To anyone working in financial technology, the vast array of cyber risks in Europe are obvious – hackivists, rogue employees, data leaks; IT security is big business. To insurance firms in Europe, it’s a new opportunity.
Cyber risk insurance is already well-established in the US, but firms in Europe have been slow to embrace it. However, this is likely to speed up following the EU Data Directive, which could exact a fine of 2% of worldwide revenue on a company if it fails to adequately protect data, or notify the authorities of serious breaches.
Job opportunities are emerging within insurance firms. Late last month, Marsh hired Stephen Wares to lead its EMEA Cyber Risk Practices group. He tells us that it’s now the right time to be working in the sector.
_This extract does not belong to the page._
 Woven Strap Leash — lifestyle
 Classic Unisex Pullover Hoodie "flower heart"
“The rapid growth in premiums (now estimated to be $1bn) in the US and greater value placed on cyber risk in Europe make this an excellent market to be part of,” he says. “Relatively new insurance products mean that there is still plenty of room to innovate and lead.”
More companies are looking to take advantage of technology-related revenue streams, but with this opportunity comes increased risk and vulnerabilities to cyber attacks, says Michael Thyssen, European product manager, Chubb speciality insurance team.
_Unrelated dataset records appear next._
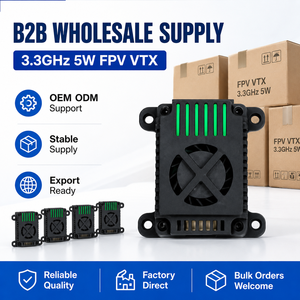 Transmisor de Video VTX FPV de 3.3GHz y 5W, Largo Alcance, Alta Potencia, con Ventilador Integrado para Drones FPV UAV - Product Image 6
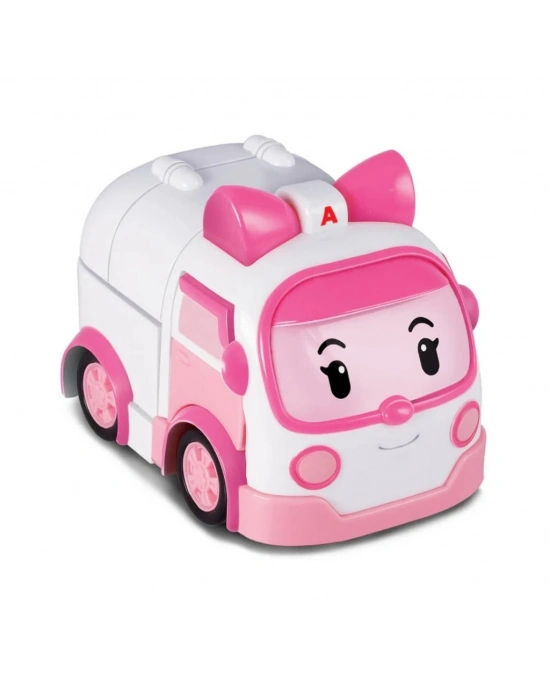 Robocar Poli Transforming Robot Figür Amber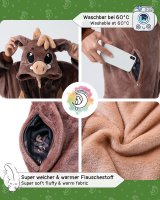 Flauschiges Wildschwein-Kostüm für Kinder mit Haarreif | Karneval Fasching Kostüm Onesie für Mädchen, Jungen | Körpergröße 130-150cm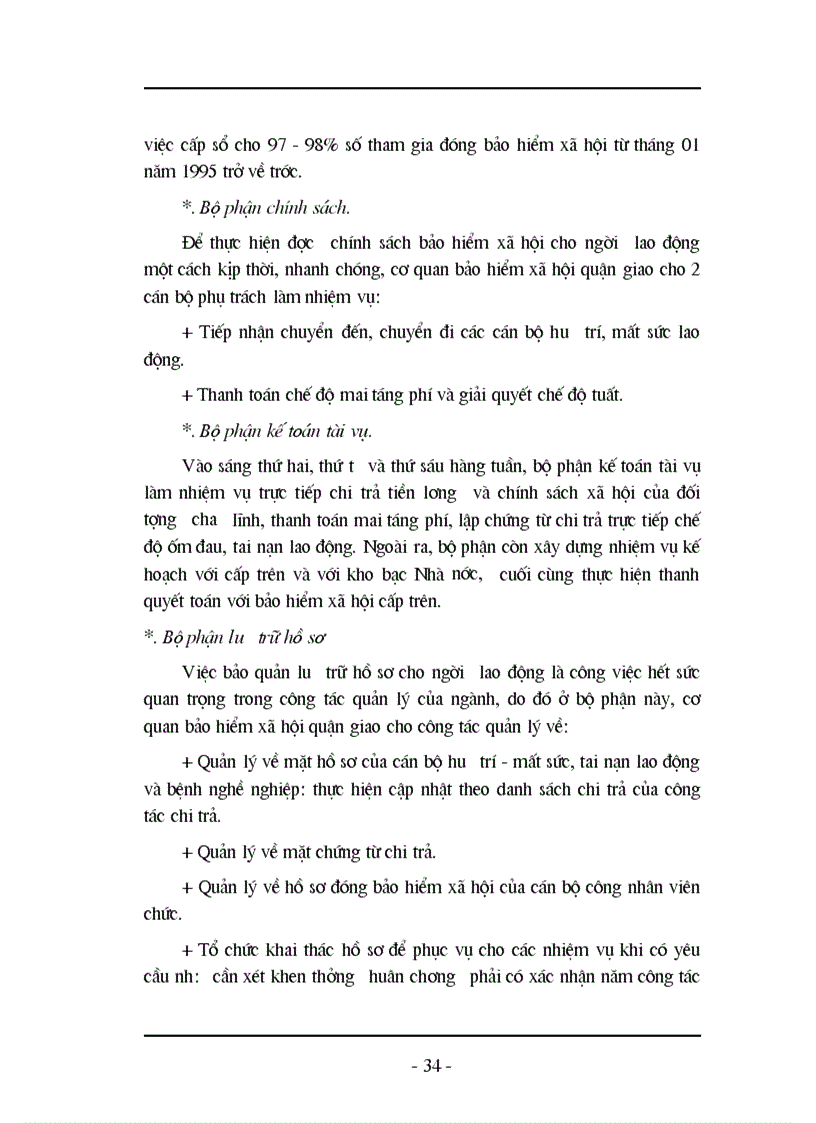 image for page Một số ý kiến đề xuất nhằm nâng cao hiệu quả quản lý công tác chi quỹ bảo hiểm xã hội ở cơ quan BHXH quận Đống đa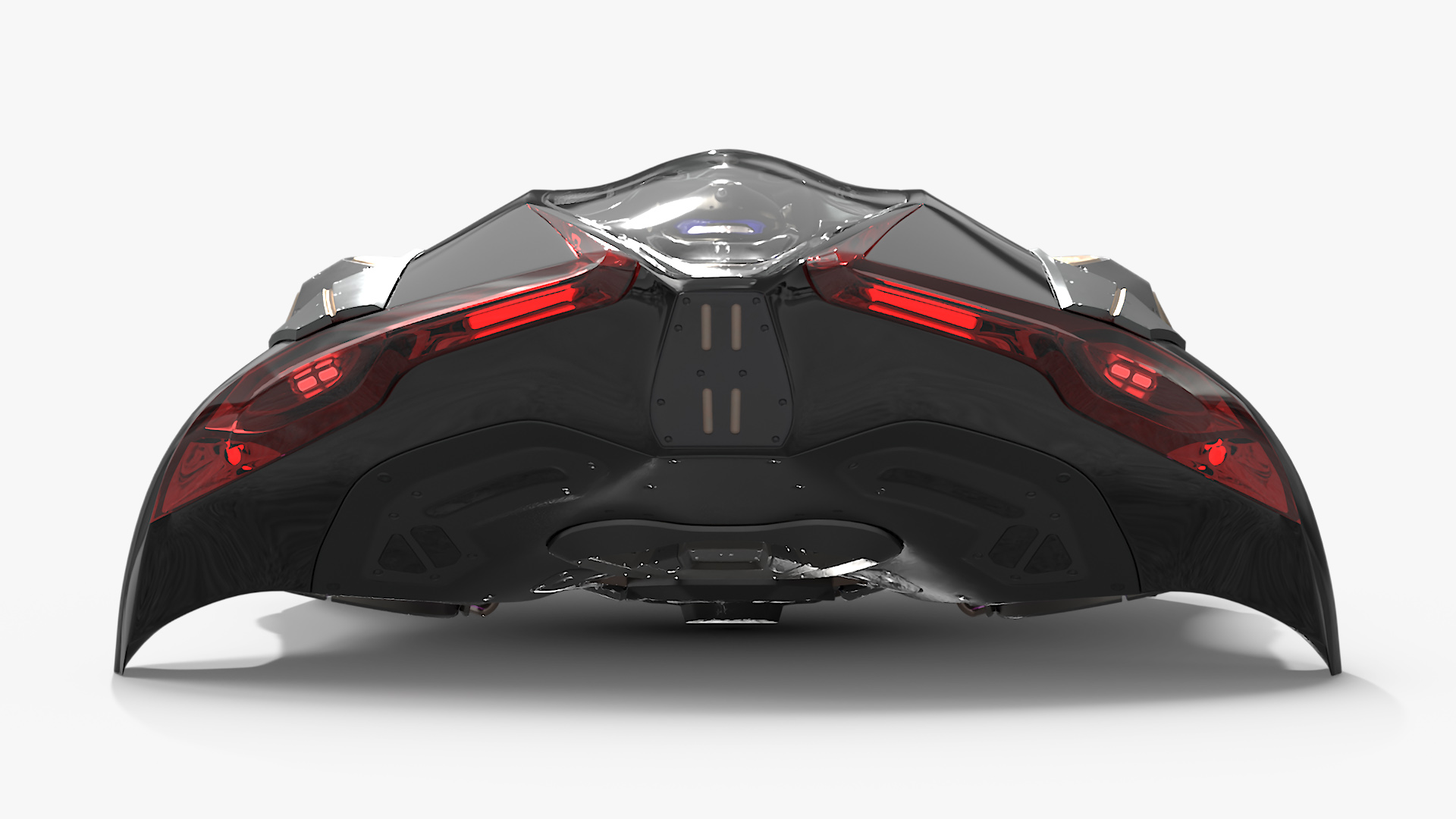 3D Black Futuristic Urban Flying Car model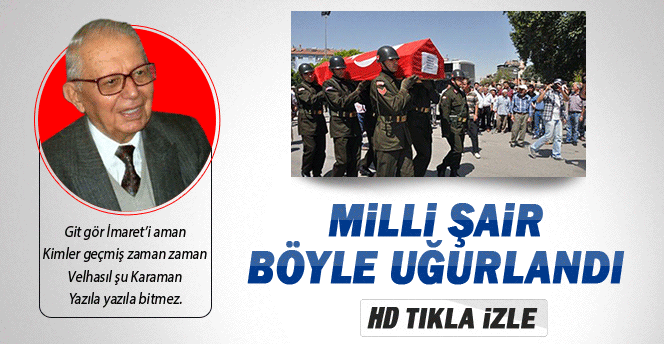 Şair Bekir Sıtkı Erdoğan Askeri Törenle Toprağa Verildi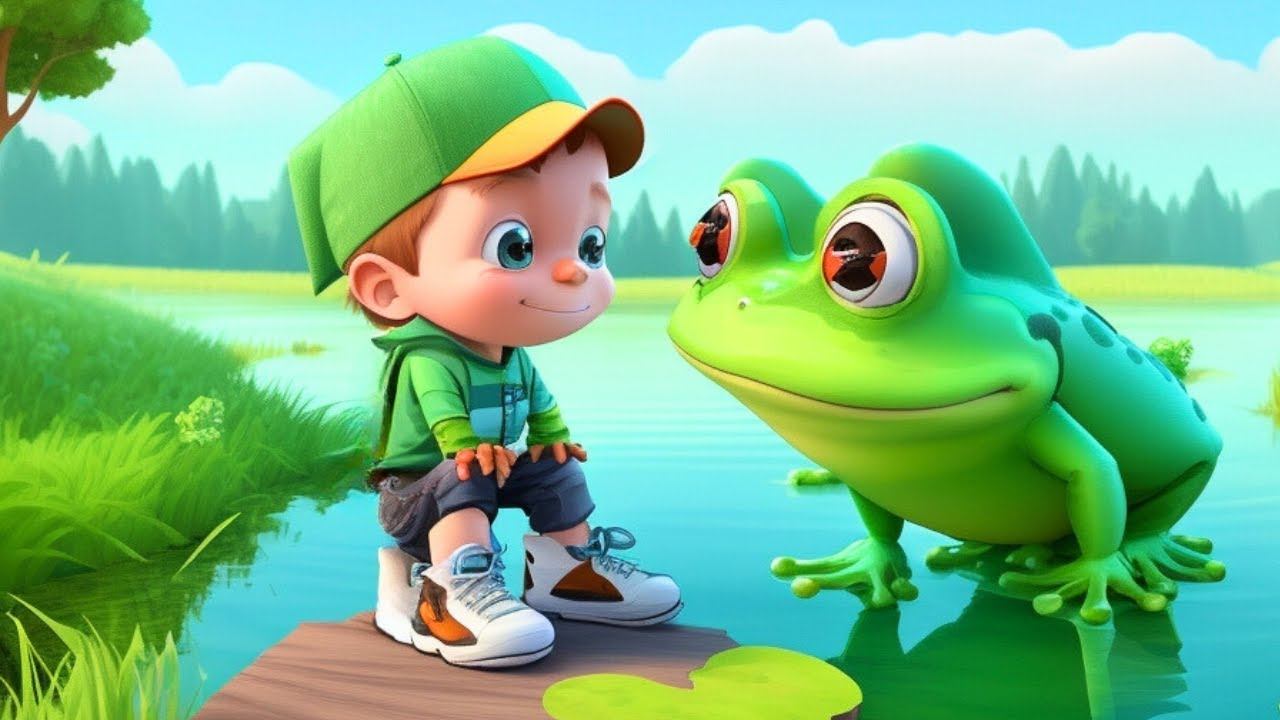 Песенка про Лягушку | Где Живет Лягушка? | Ква, ква | Пять лягушек | Детские Песни смотреть онлайн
“Data breaches of sensitive data and information can cause significant financial and reputational costs to data owning and controlling companies,” he says. “Insurance is one of the ways of mitigating this exposure.”
If you’re working as a broker or underwriter currently, it pays to focus on a niche area, as we’ve mentioned previously. With more firms looking to add an extra revenue streams, cyber risk is becoming an increasing area of focus.
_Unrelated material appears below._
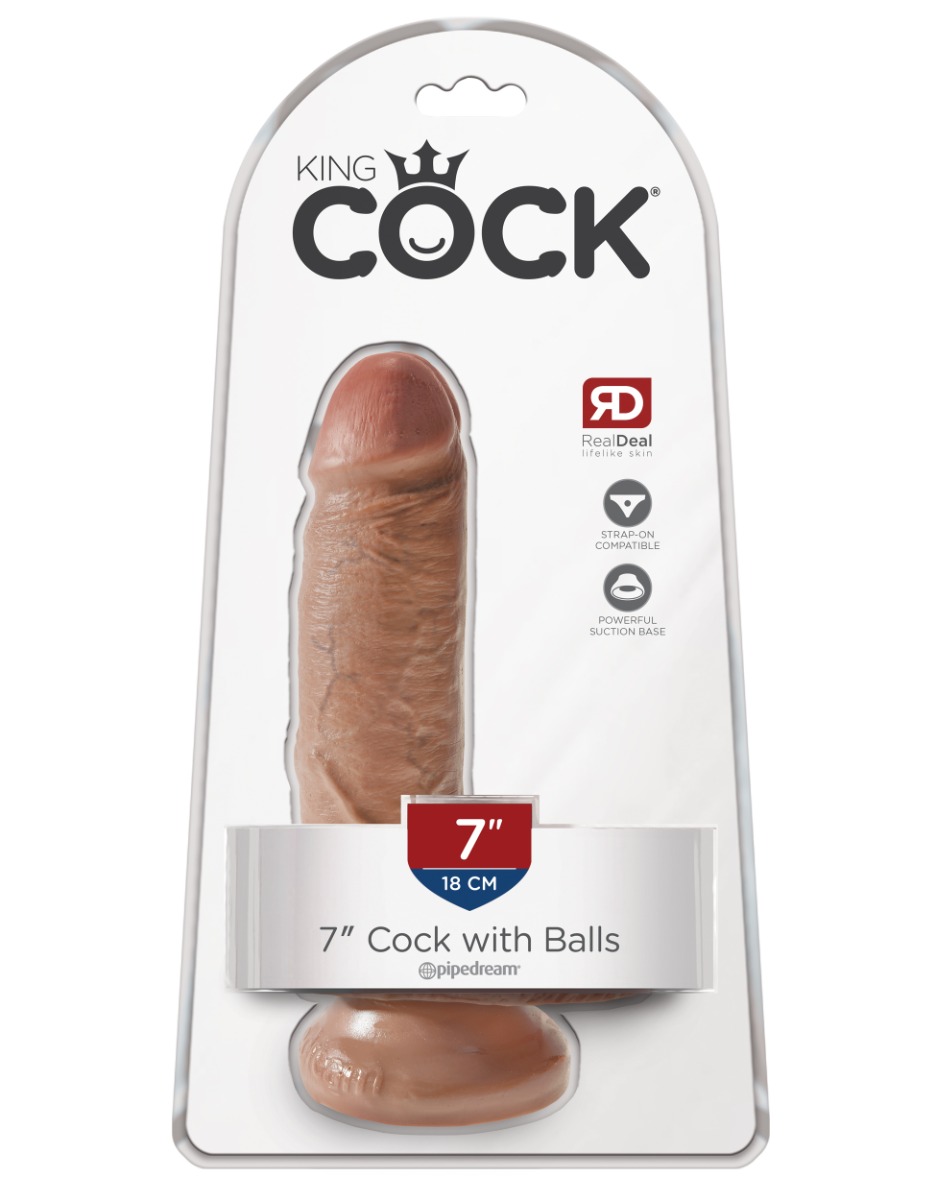Adult Product 18+ - Pipedream - King Cock - 7" Cock with Balls - Tan - Pipedream - Pipedream - KS Store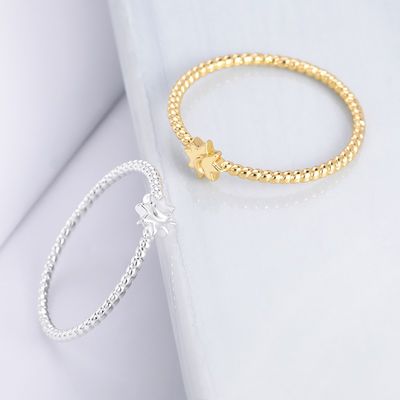 925 Sterling Silver Moon Sun Ring 18K Gold Plated Unisex Jewelry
“Cyber risk is a sector where an increasing number of insurance brokers are moving into,” says Andy Edwards, head of insurance at recruiters High Finance Group. “As it’s a new and niche area, there’s not a huge supply of talent available.”
As well as the insurance industry itself, there’s also the opportunity for firms to offer risk advisory services, says Wares. The result is that people working in this area come from a range of backgrounds, from “within the insurance industry, risk consulting and technology audit”, he says.